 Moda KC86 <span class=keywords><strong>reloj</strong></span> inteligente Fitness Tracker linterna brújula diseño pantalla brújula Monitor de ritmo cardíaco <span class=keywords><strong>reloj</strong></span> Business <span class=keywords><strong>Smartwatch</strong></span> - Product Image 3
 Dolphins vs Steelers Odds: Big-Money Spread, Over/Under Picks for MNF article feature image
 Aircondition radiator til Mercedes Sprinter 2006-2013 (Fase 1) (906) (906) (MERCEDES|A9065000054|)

____

**Directions for this task**
Return the listing above in its entirety, word for word.

**Answer to this task**
 Moda KC86 <span class=keywords><strong>reloj</strong></span> inteligente Fitness Tracker linterna brújula diseño pantalla brújula Monitor de ritmo cardíaco <span class=keywords><strong>reloj</strong></span> Business <span class=keywords><strong>Smartwatch</strong></span> - Product Image 3
 Dolphins vs Steelers Odds: Big-Money Spread, Over/Under Picks for MNF article feature image
 Aircondition radiator til Mercedes Sprinter 2006-2013 (Fase 1) (906) (906) (MERCEDES|A9065000054|)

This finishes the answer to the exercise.